# New EOS 5DMKII



## IGADIZ (May 21, 2006)

The ancient 5D replacement is finally HERE


----------



## Epoch (Jul 30, 2006)

Looks good, not sure about the 1080 video bit though!

I've looked at the 5D in the past, but it was just a little behind the competition so waited (don't know why but i'm in the Canon camp  )


----------



## 190Evoluzione (Jun 27, 2007)

Lovely, but I agree that some non-pro features are creeping in.
Bloody 'Face Detection'. Behave.
Screw HD Video, I just want a Mirror-Up Button that isn't buried in the Custom Functions.


----------



## 190Evoluzione (Jun 27, 2007)

Epoch said:


> I've looked at the 5D in the past, but it was just a little behind the competition so waited (don't know why but i'm in the Canon camp  )

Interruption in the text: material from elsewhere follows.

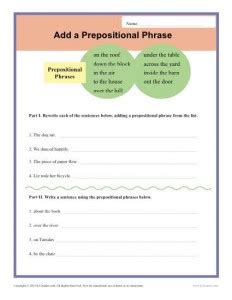 grade prepositional phrase worksheet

Sorry, just noticed your comment, Epoch - Behind what, exactly?
I wasn't aware of any other Full-Frame metal-bodied DSLRs for under £1500?
If anything, Nikon dragged their heels BIG time trying to catch up with that camera.

Tbh I've been thinking of switching back to Nikon recently, but this and the new 1DS MkIII (already available for rental in London) are probably gonna keep me in Canon gear.
I got a call from a close friend yesterday who has just picked up his MkIII, so hopefully it'll come my way sometime soon.


----------



## IGADIZ (May 21, 2006)

190Evoluzione said:


> ...Screw HD Video, I just want a Mirror-Up Button that isn't buried in the Custom Functions.


I don't know.. is Full 1080P HD and with all the EF lenses available it should be interesting.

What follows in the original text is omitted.